United States v. Espinoza-Baza

Summarized by:

  • Court: 9th Circuit Court of Appeals Archives
  • Area(s) of Law: Immigration
  • Date Filed: 08-04-2011
  • Case #: 09-10398
  • Judge(s)/Court Below: Circuit Judge Wallace for the Court; Circuit Judges Noonan and Silverman
  • Full Text Opinion

The defense of derivative citizenship is not appropriate where the theory is not supported in the record by a factual foundation and the proffered evidence is no more than a mere “scintilla of evidence.”
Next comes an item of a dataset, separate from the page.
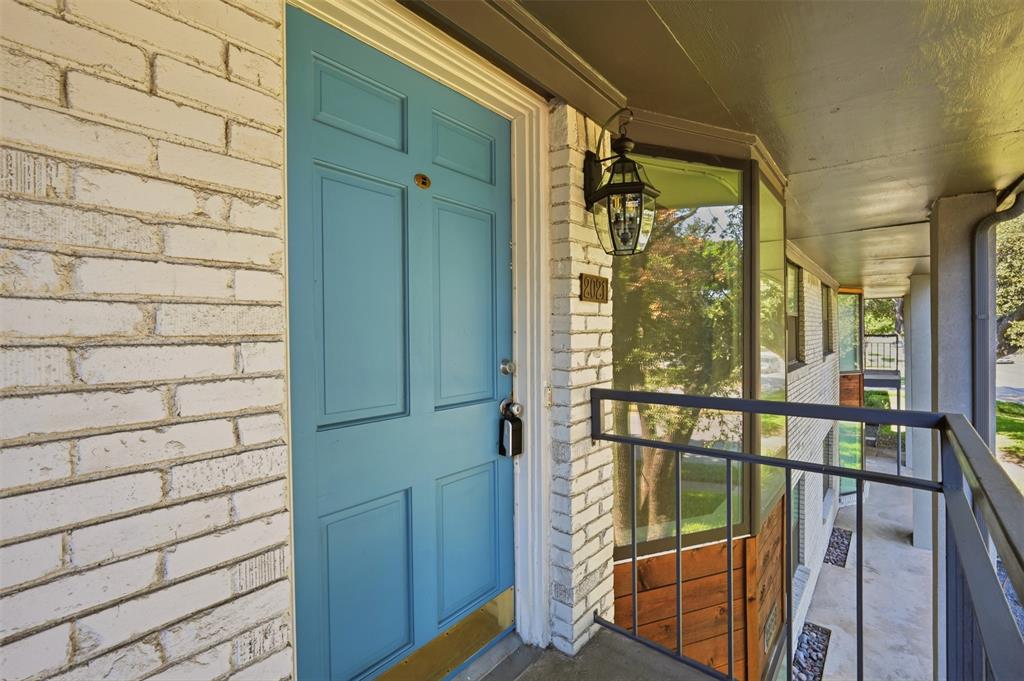 White brick exterior with a panelled turquoise entry door, complemented by a black lantern-style sconce and a dark metal balcony railing White brick exterior with a panelled turquoise entry door, complemented by a black lantern-style sconce and a dark metal balcony railing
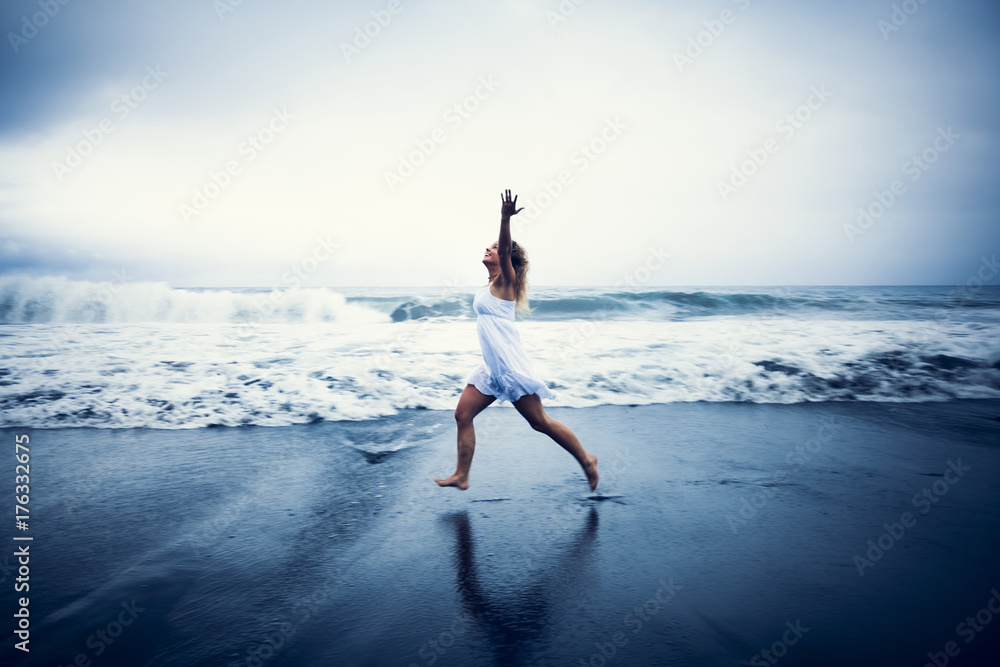 Happy woman running on the beach - obrazy, fototapety, plakaty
A jury convicted Espinoza-Baza of two counts of illegally reentering the United States. On appeal, Espinoza-Baza challenged the district court’s denial of evidence that his grandfather was born in Texas, the court’s refusal to give the derivative citizenship jury instruction, and his sentence. The Ninth Circuit concluded that Espinoza-Baza’s evidence of his grandfather’s citizenship was relevant to the issue of alienage under Federal Rule of Evidence 403. In Rule 403 rulings, however, substantial deference is given to the district court and the Court held that the district court did not abuse it’s discretion in excluding the evidence. The Court further concluded that the evidence presented an undue risk of jury confusion while providing only marginal probative value. The Ninth Circuit further held that the district court did not abuse its discretion when it found that Espinoza-Baza’s derivative citizenship theory lacked the necessary factual foundation. The evidence relied on by Espinoza-Baza was hearsay and no more than a mere “scintilla of evidence.” The Ninth Circuit finally held that the district court did not err in upwardly adjusting Espinoza-Baza sentence with a multiple count enhancement and the ninety-six month sentence was not substantively unreasonable.